WHAT THIS TASK INVOLVES: Return exactly, please, the lines from the one containing "Kia RAY 2022" to the last line of the entries below, and nothing else, leaving pictures out.

MATERIAL FOR THIS TASK:
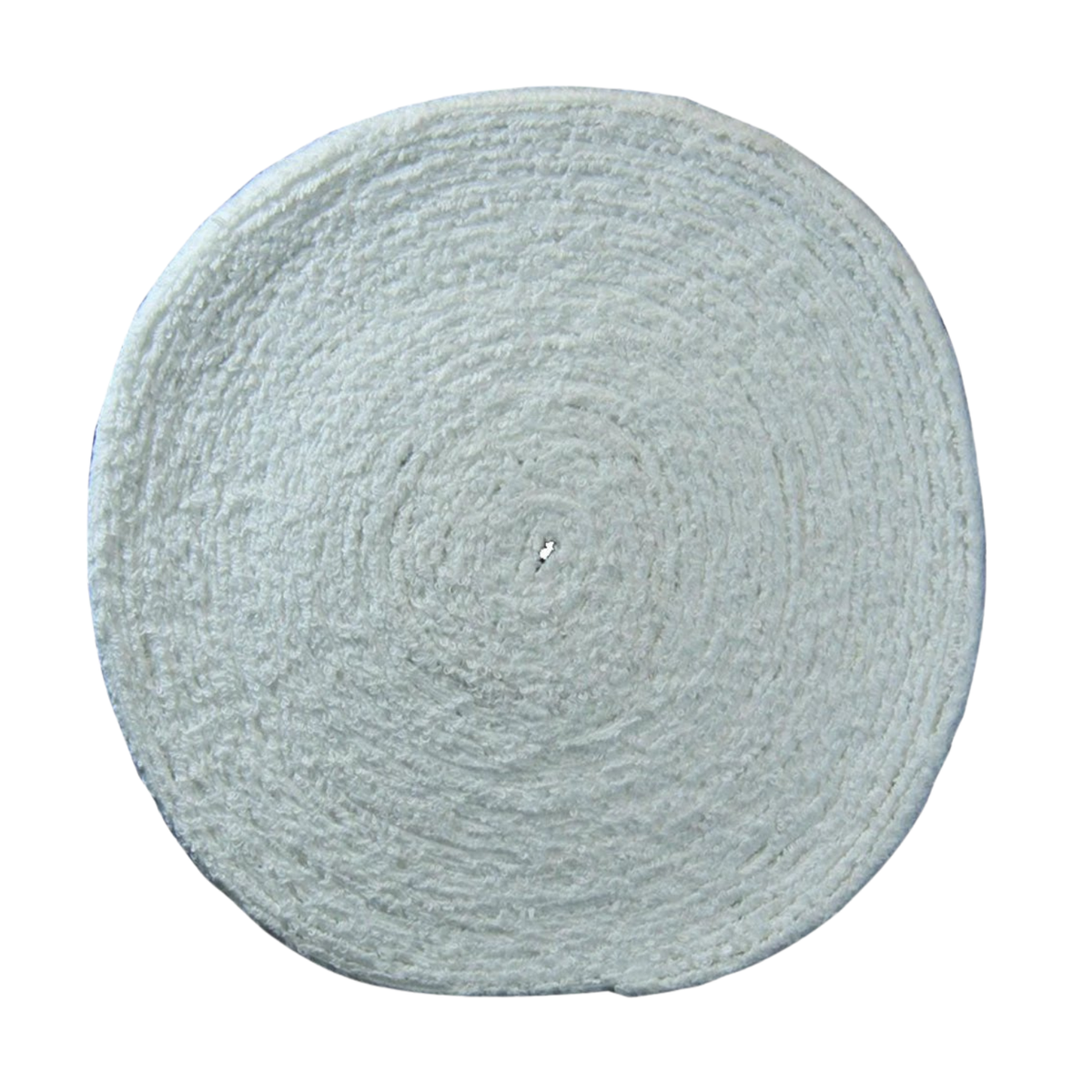Yehlex 20 Racket Towel Roll - White White Towel Grip Yehlex
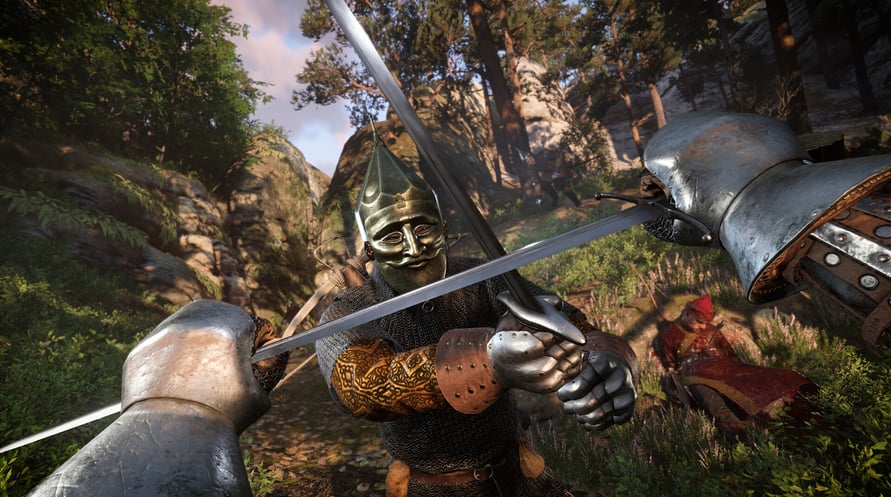 Kingdom Come: Deliverance II Brushes with Death DLC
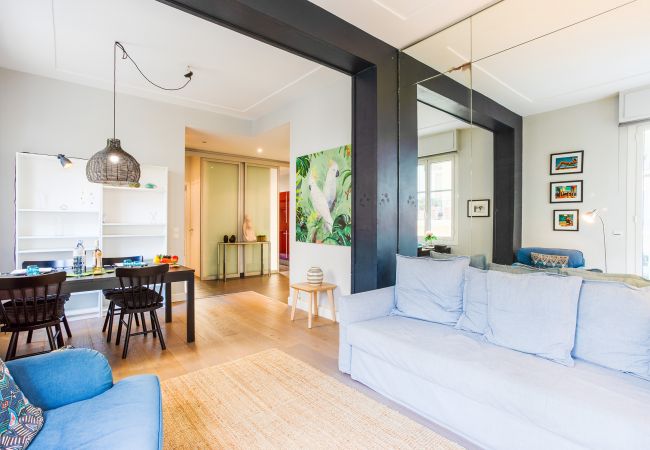 Appartement à Nice - LE TIVOLI centre ville By Riviera Holiday Homes Appartement à Nice - LE TIVOLI centre ville By Riviera Holiday Homes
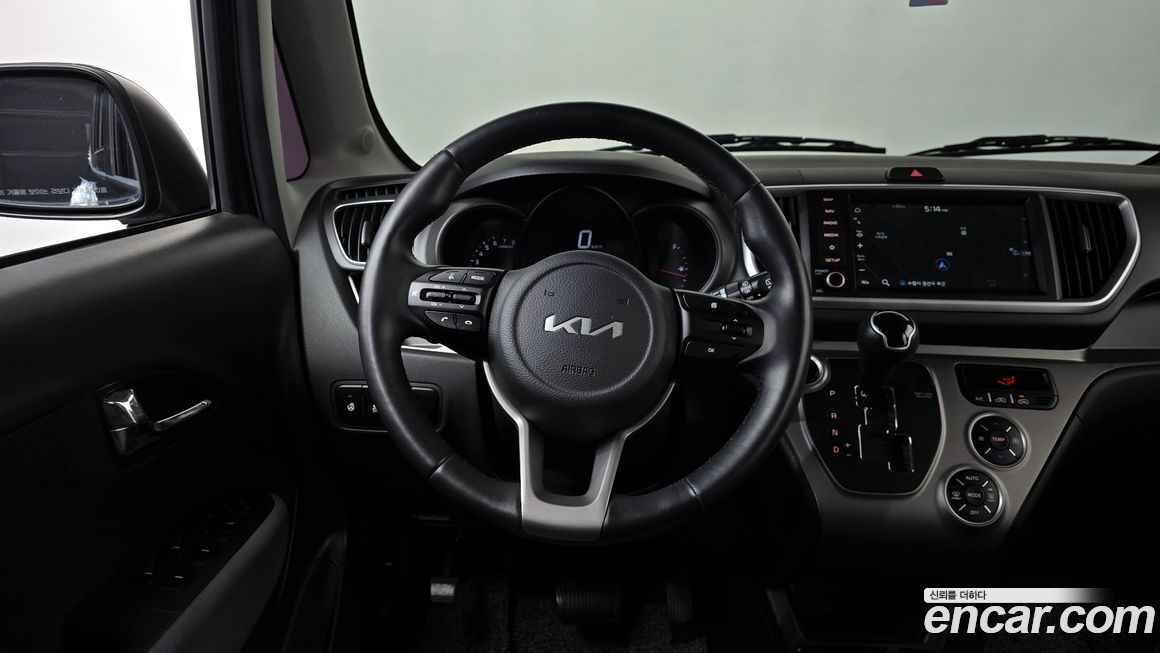 Kia RAY 2022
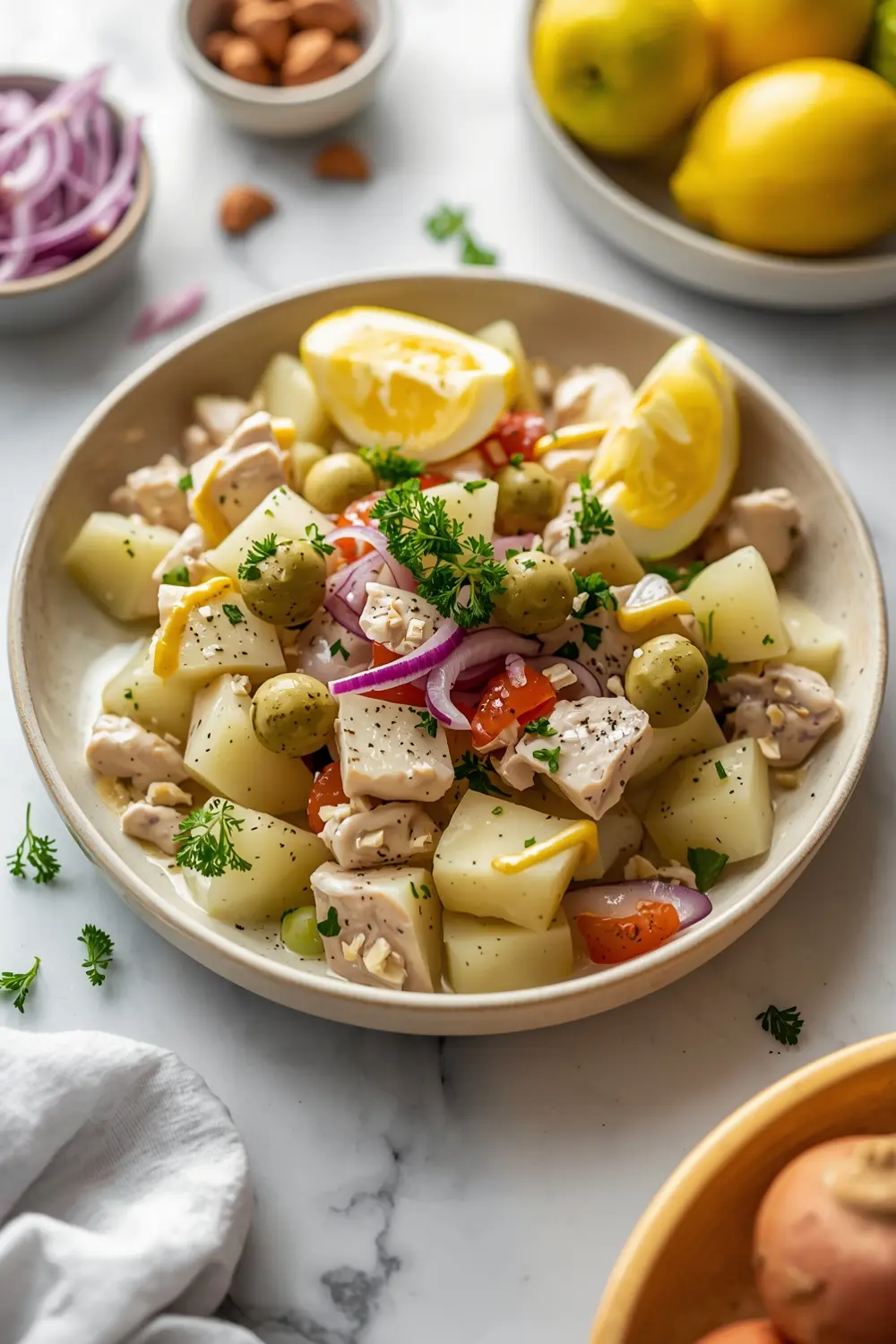 4th of july potato salad recipe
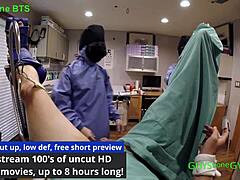 clinic handjob extraction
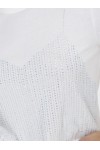 ONLY BILLIE LIFE S/S TOP JRS WHITE 15333617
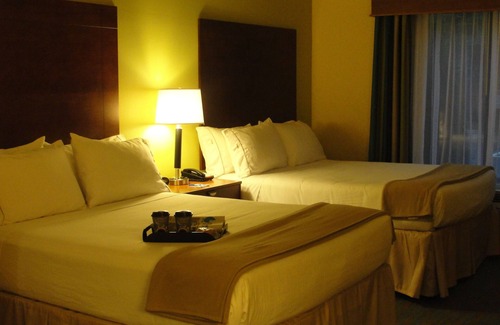 Lithonia Hotel | Holiday Inn Express Hotel & Suites Atlanta East - Lithonia by IHG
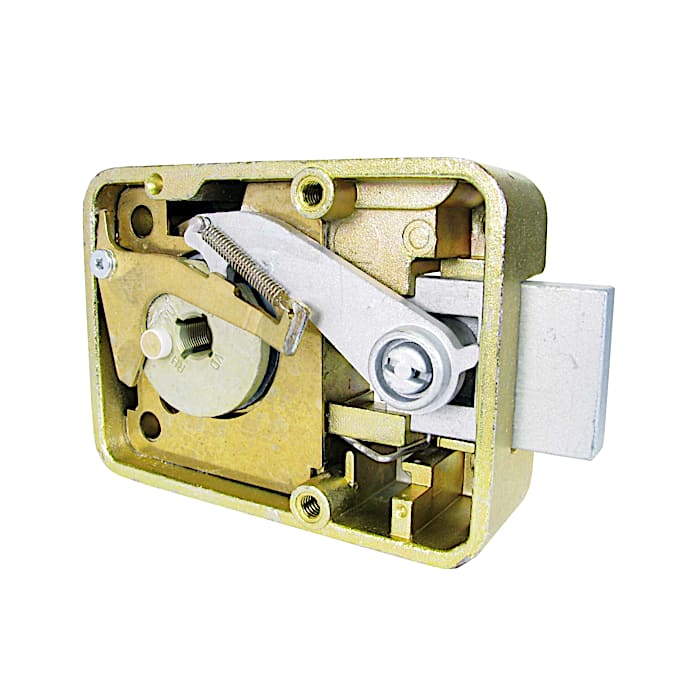 Mechanical Combination Lock LA GARD 1985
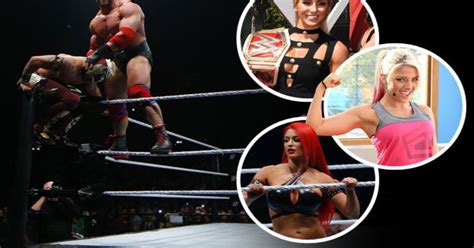 ‘i Would Have Never Had Sex With A Wwe Diva Wrestler Reveals Why He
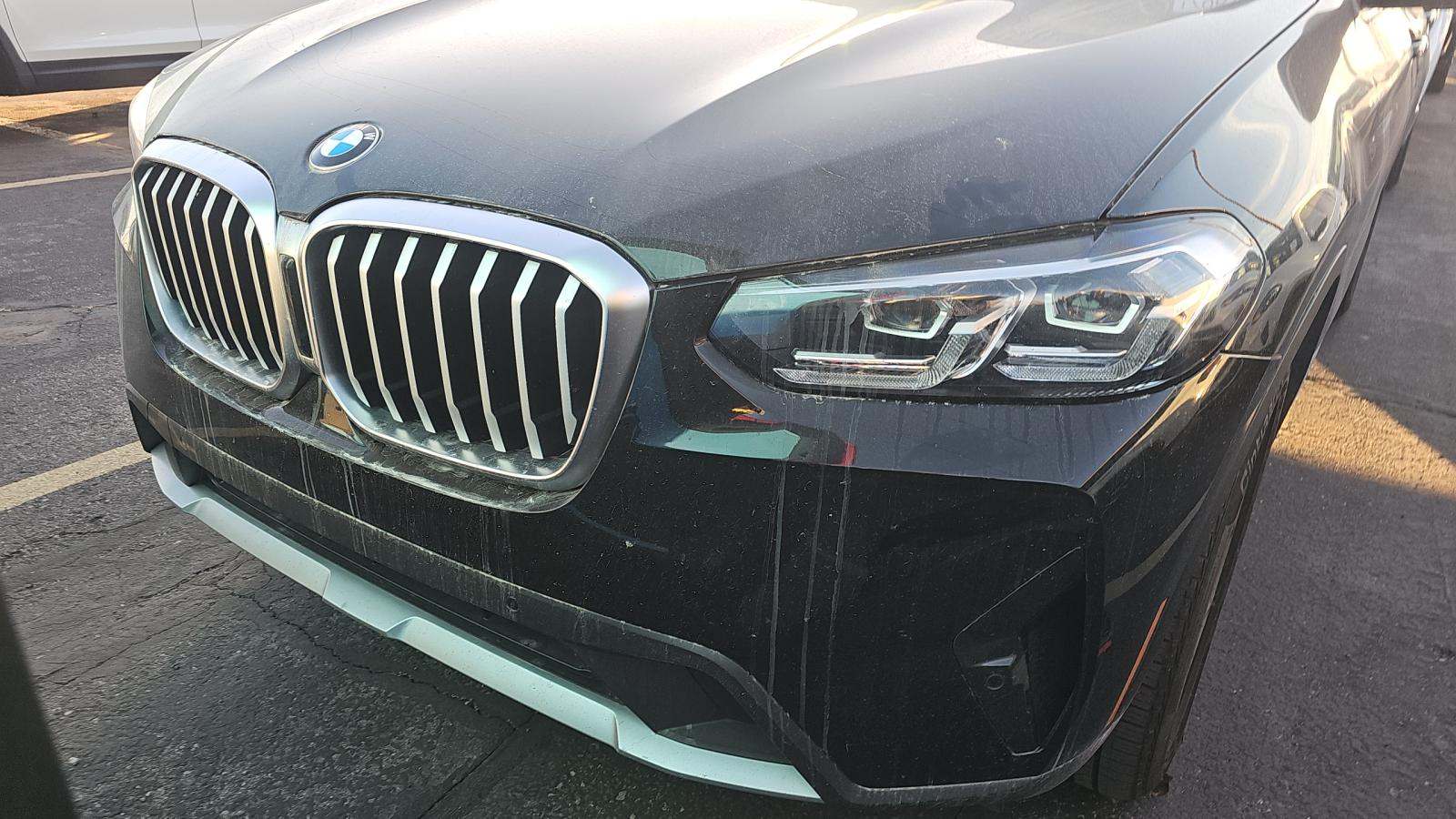 2024 BMW X3 xDrive30i AWD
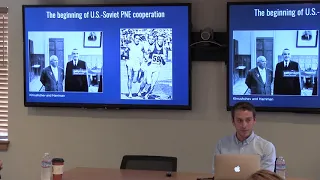 Once and Future Partners: US-Soviet Nonproliferation Cooperation  on Peaceful Nuclear Explosions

FINISHED EXERCISE:
 Kia RAY 2022
 4th of july potato salad recipe
 clinic handjob extraction
 ONLY BILLIE LIFE S/S TOP JRS WHITE 15333617
 Lithonia Hotel | Holiday Inn Express Hotel & Suites Atlanta East - Lithonia by IHG
 Mechanical Combination Lock LA GARD 1985
 ‘i Would Have Never Had Sex With A Wwe Diva Wrestler Reveals Why He
 2024 BMW X3 xDrive30i AWD
 Once and Future Partners: US-Soviet Nonproliferation Cooperation  on Peaceful Nuclear Explosions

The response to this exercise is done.